FLAG_REG = re.compile(r"^\d{0,16}9$")
KEY = 0xC3F80B633F90C6DE
OPS = [
    lambda x: ([print(x), x][1]),
    lambda x: x - ((KEY >> (x - 8 & 56) >> (x & 7) & 1 ^ 1) & x >> 3) * 8 & 56 | x & 7,
    lambda x: x - ((KEY >> (x - 8 & 56) >> (x & 7) & 1 ^ 1) & ~x >> 3) * 8 & 56 | x & 7,
    lambda x: x + ((KEY >> (x + 8 & 56) >> (x & 7) & 1 ^ 1) & x >> 3) * 8 & 56 | x & 7,
    lambda x: x + ((KEY >> (x + 8 & 56) >> (x & 7) & 1 ^ 1) & ~x >> 3) * 8 & 56 | x & 7,
    lambda x: x & 56 | x + ((KEY >> (x & 56) >> (x + 1 & 7) & 1 ^ 1) & ~x) & 7,
    lambda x: x & 56 | x + ((KEY >> (x & 56) >> (x + 1 & 7) & 1 ^ 1) & x) & 7,
    lambda x: x & 56 | x - ((KEY >> (x & 56) >> (x - 1 & 7) & 1 ^ 1) & ~x) & 7,
    lambda x: x & 56 | x - ((KEY >> (x & 56) >> (x - 1 & 7) & 1 ^ 1) & x) & 7,
    lambda x: ["Good flag!", "Bad flag!"][x > 1],
]

if __name__ == "__main__":
    flag = input("FLAG-")
    if not FLAG_REG.match(flag):
        exit(1)
    print(reduce(lambda x, c: OPS[c](x), (int(c) for c in flag), 48))

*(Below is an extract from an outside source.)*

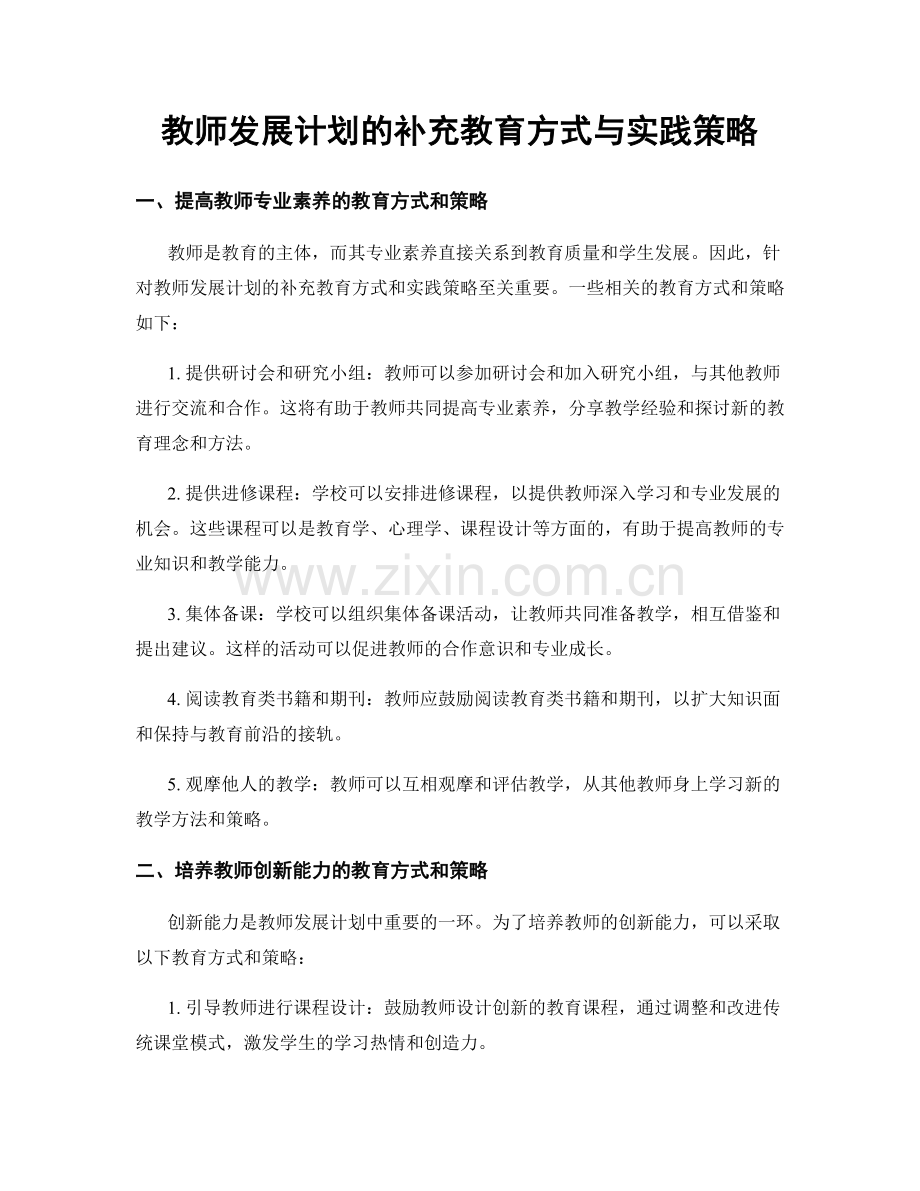 教师发展计划的补充教育方式与实践策略.docx_第1页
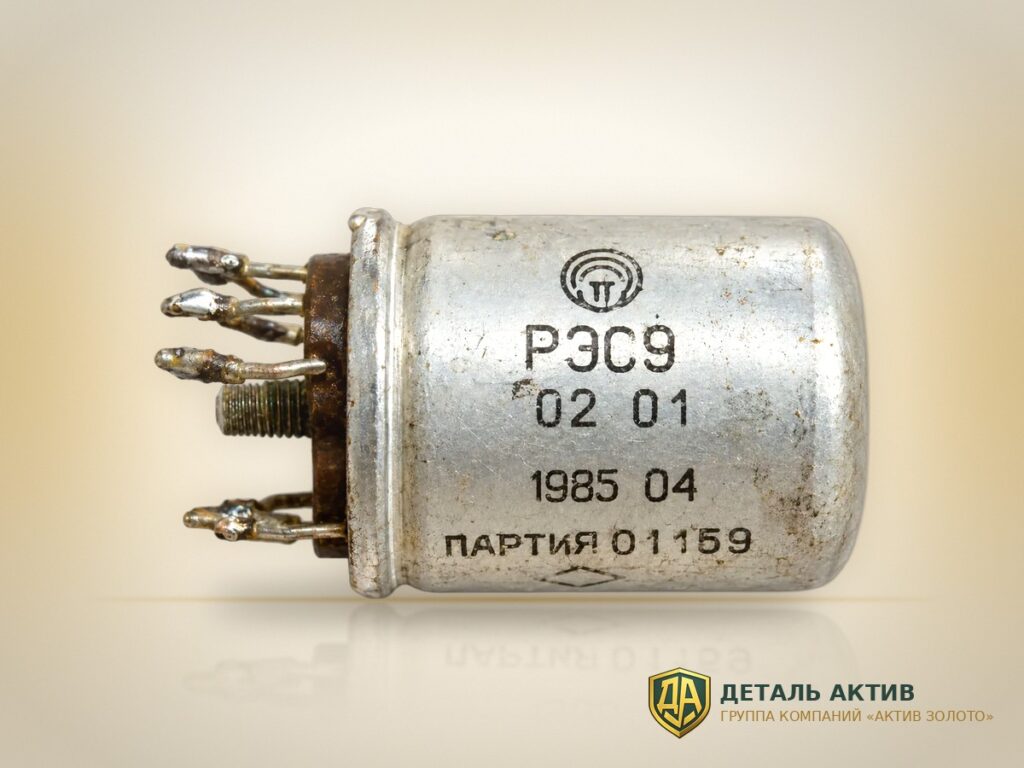 РЭС 9 с 82 по 85.07 год (01,02,06)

The regex inform us that the flag is made of up to 16 digits and a final 9.

An interesting part is reduce(lambda x, c: OPS[c](x), (int(c) for c in flag), 48) and the OPS array:

• c is the current digit of the flag (so values are from 0 to 9)
• OPS is an array of 10 lambda functions (from 0 to 9).
• The lambda in the reduce executes the cth function of OPS on a value x.
• the reduce applies its given function in order on a value x. x starts at 48 but is updated on each digit of the flag. Basically, if the digits of the flag are c1, c2, …, cn then the computed value is ops(...(ops(ops(48, c1), c2), ...), cn).
• Digit 9 is the final one and validates the flag if the value x reaches 0.
• Note that the digit 0 is special and just print the value of x. It could be used for debugging.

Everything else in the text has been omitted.